▸ **Items from a data source**:
※ ※ ※

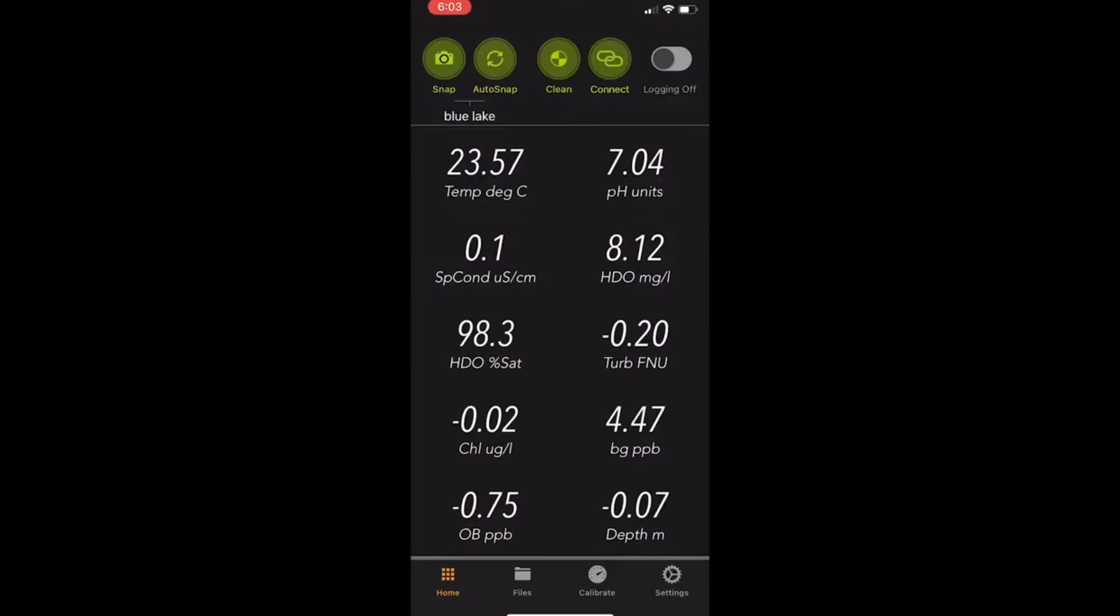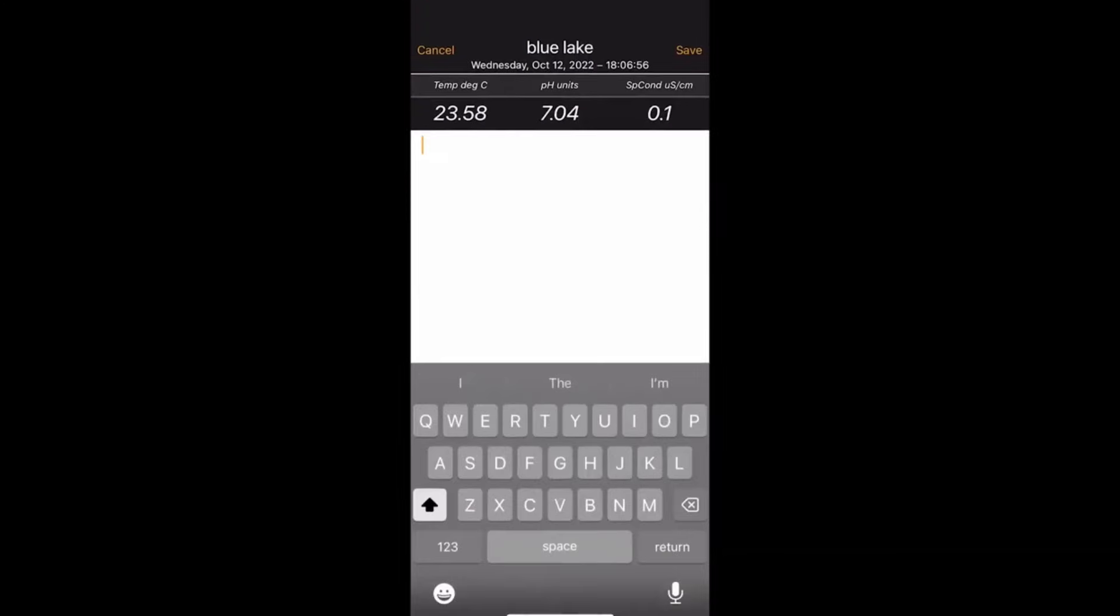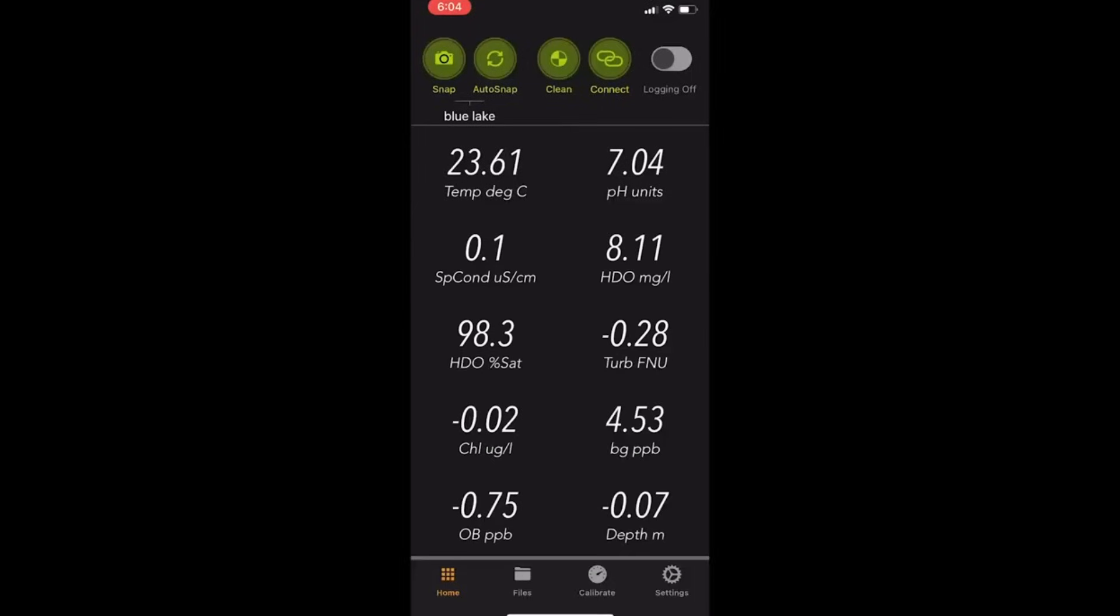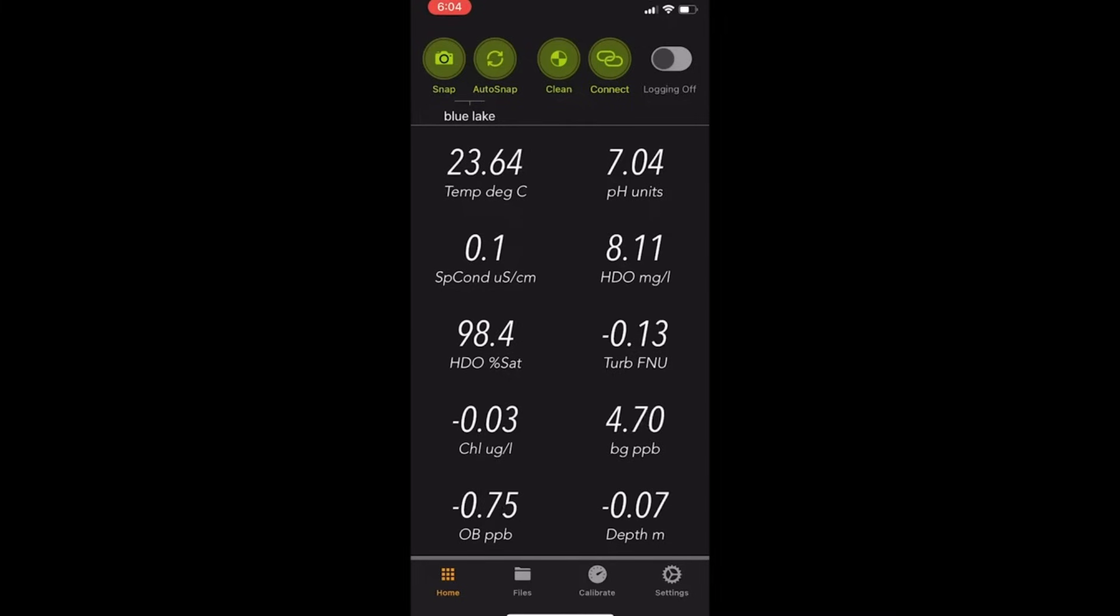We'll start at the top left. Snapshot is a way to record one line of data manually. This will take a reading from all the sensors, put it in one line of data. It'll also give you the option to annotate if there's an annotation needed, and then you can save that snapshot to the snapshot file. You can do this as many times as you want. It'll continue to store logged data into the snapshot file.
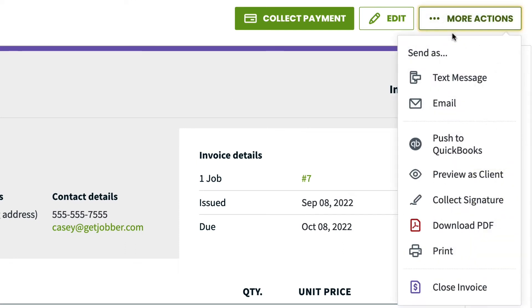Push to QuickBooks. You will only see this option if Jobber is connected to QuickBooks Online. This will flag this invoice to go over to your QuickBooks next time you run a sync.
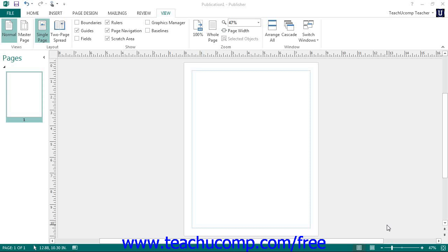In the lower right corner of the application window, you can see the zoom slider in Publisher. You can use this to change the magnification level of the pages in your publication.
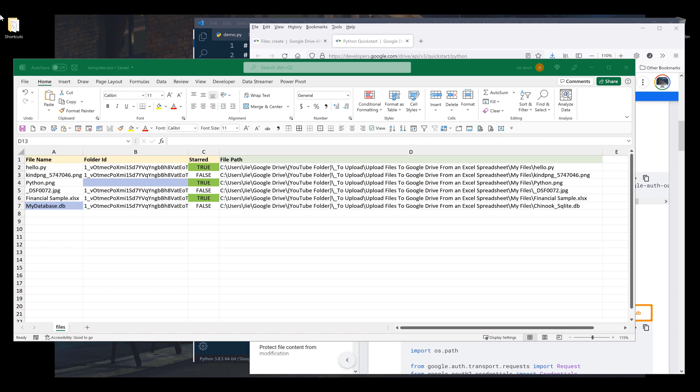Hey, how's it going guys? In this tutorial, we'll learn how to upload local files to Google Drive where file information is stored in an Excel spreadsheet using Google Drive API in Python.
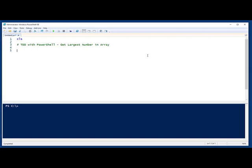Hello and welcome. My name is Doug Fink and I'm a PowerShell MVP and I want to do some test-driven development with PowerShell. I'm going to build a function called getLargestNumberInArray and I'm going to pass an array of numbers to it and then pull out the largest number in there and return that.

※ ※ ※

▸ **Work item**: Copy only this from above: the line containing "In the lower", the line containing "Hey, how's it", and all lines between, printed exactly. Leave out the pictures.

▸ **Output for this exercise**:
In the lower right corner of the application window, you can see the zoom slider in Publisher. You can use this to change the magnification level of the pages in your publication.
Hey, how's it going guys? In this tutorial, we'll learn how to upload local files to Google Drive where file information is stored in an Excel spreadsheet using Google Drive API in Python.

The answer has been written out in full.